▸ **WORK INSTRUCTIONS**: Reproduce the listing below as it stands. Leave out each image.

▸ **EXERCISE DATA**:
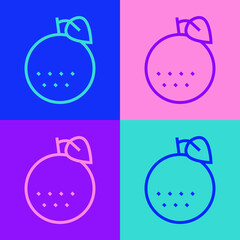 Pop art line Orange fruit icon isolated on color background. Vector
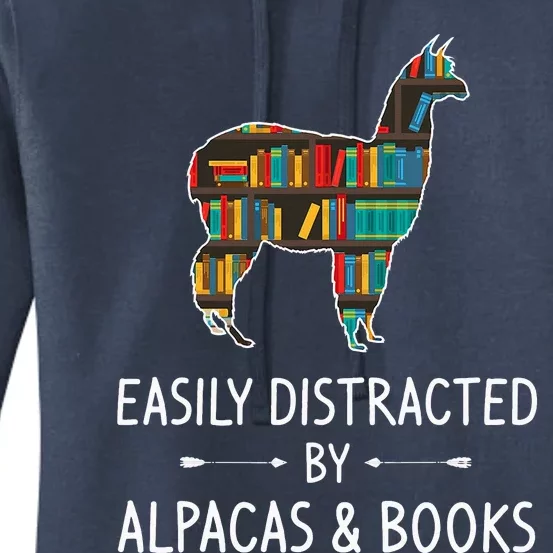 Easily Distracted By Alpacas & Books Lover Gift Vicuna Llama Women's Pullover Hoodie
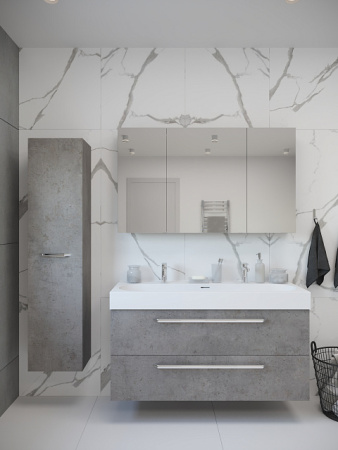 Тумба под умывальник Belux Стокгольм НП 100-02 Бетон Чикаго светло-серый (31)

▸ **RESPONSE TO THIS TASK**:
 Pop art line Orange fruit icon isolated on color background. Vector
 Easily Distracted By Alpacas & Books Lover Gift Vicuna Llama Women's Pullover Hoodie
 Тумба под умывальник Belux Стокгольм НП 100-02 Бетон Чикаго светло-серый (31)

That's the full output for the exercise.